──────── Dataset excerpt ────────

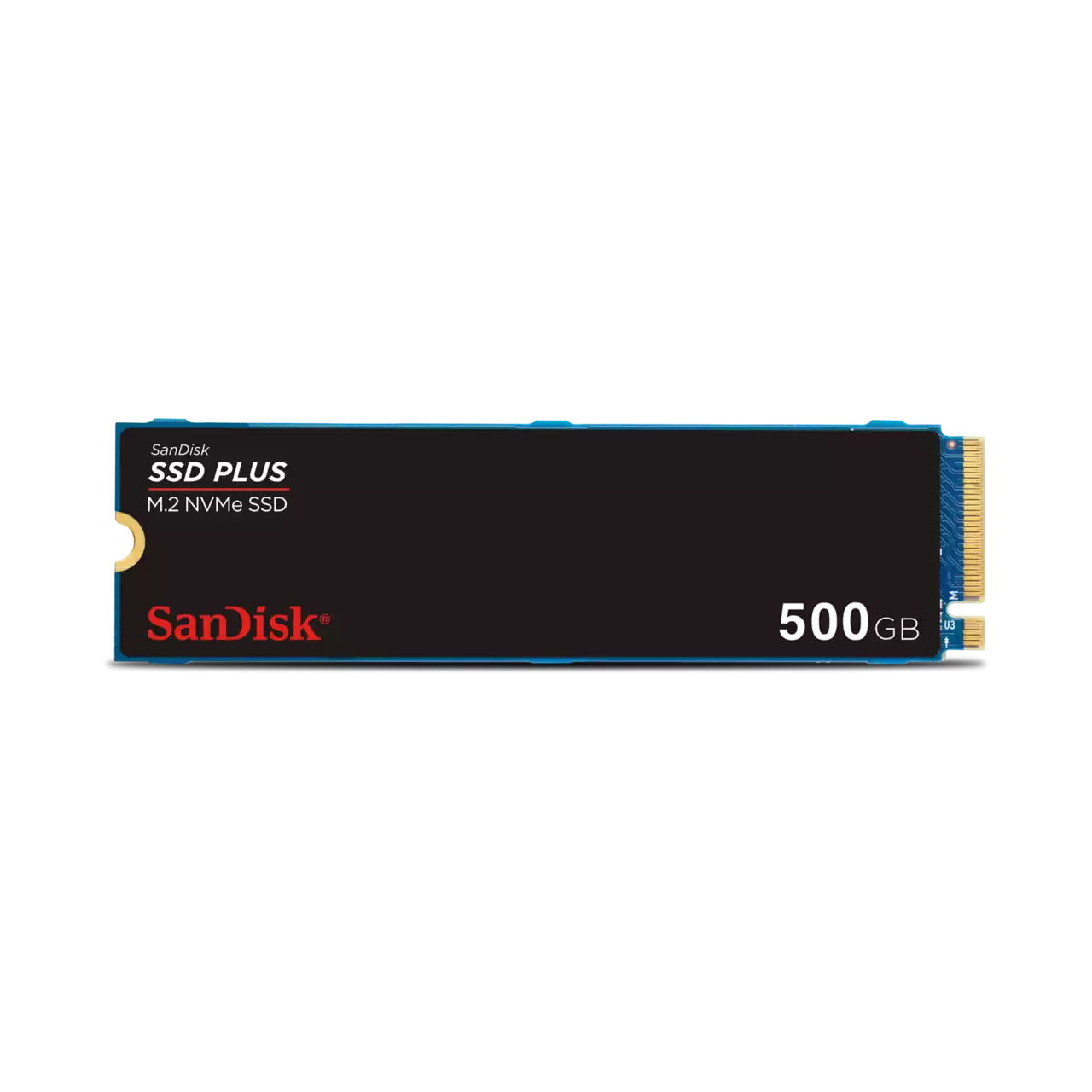 WD_BLACK SN850P NVMe SSD for PS5 Angled- Zoom Image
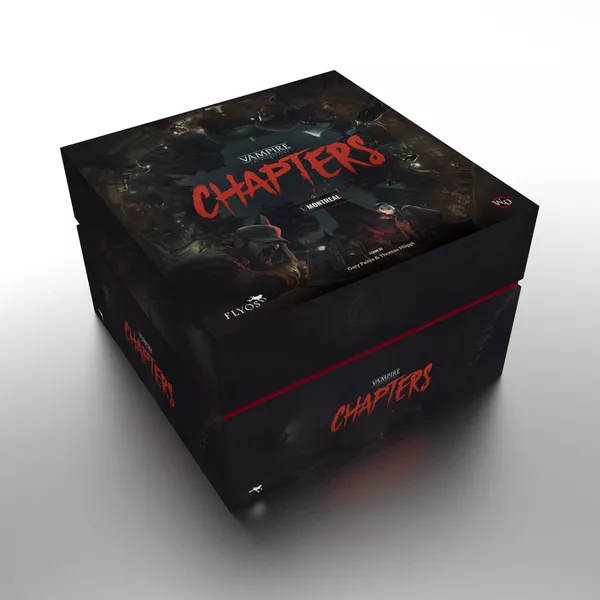 Vampire the Masquerade: Chapters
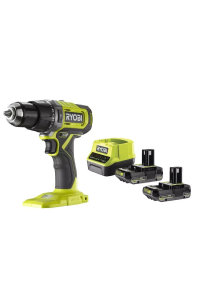 RYOBI 18V Brushless Hammer Drill Driver Obrázok pre RYOBI 18V Brushless Hammer Drill Driver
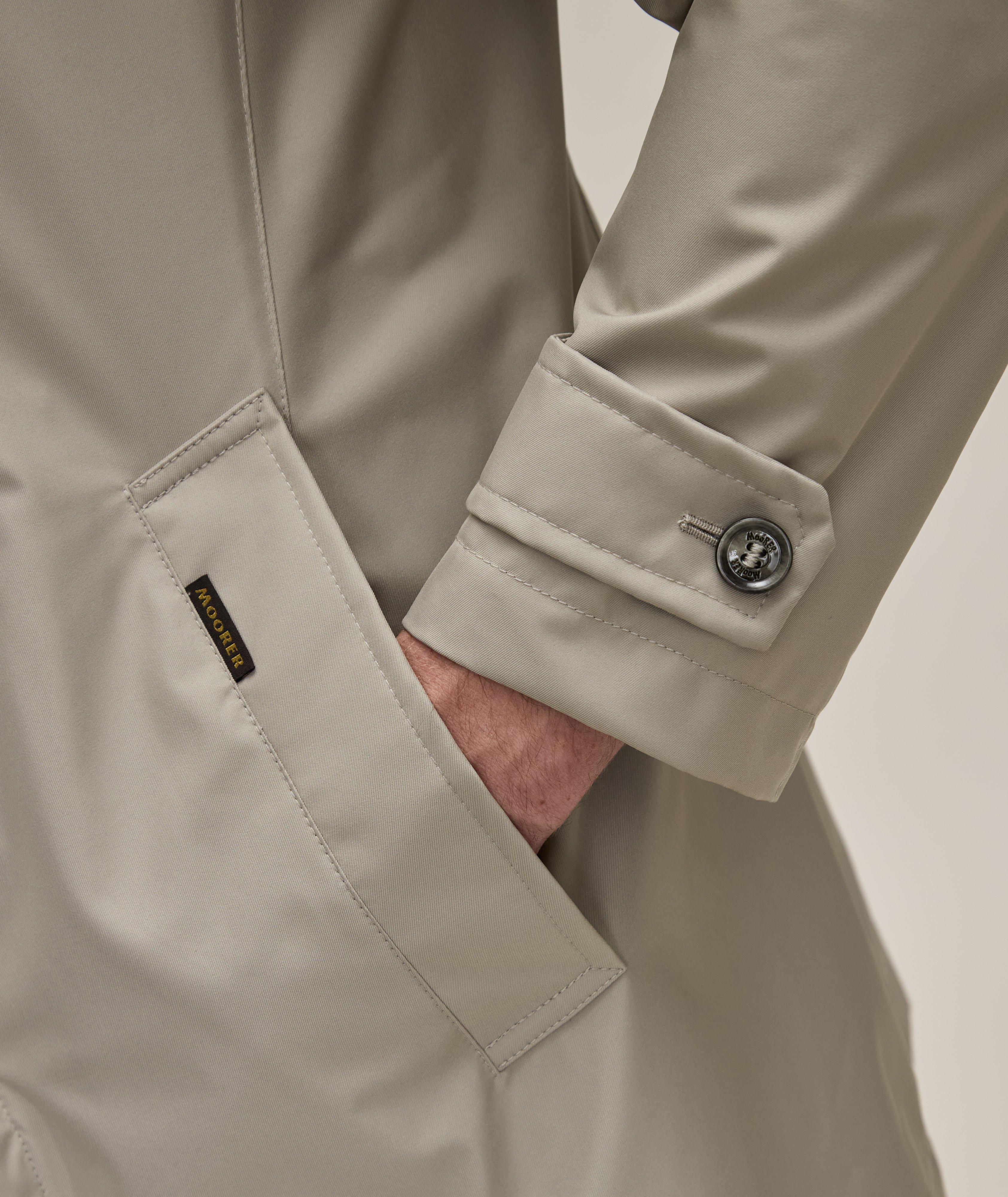 Imperméable en tissu technique image 6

────────

§ What is needed
When you write out the material above, keep every line exact and drop each picture.

§ Output below
 WD_BLACK SN850P NVMe SSD for PS5 Angled- Zoom Image
 Vampire the Masquerade: Chapters
 RYOBI 18V Brushless Hammer Drill Driver Obrázok pre RYOBI 18V Brushless Hammer Drill Driver
 Imperméable en tissu technique image 6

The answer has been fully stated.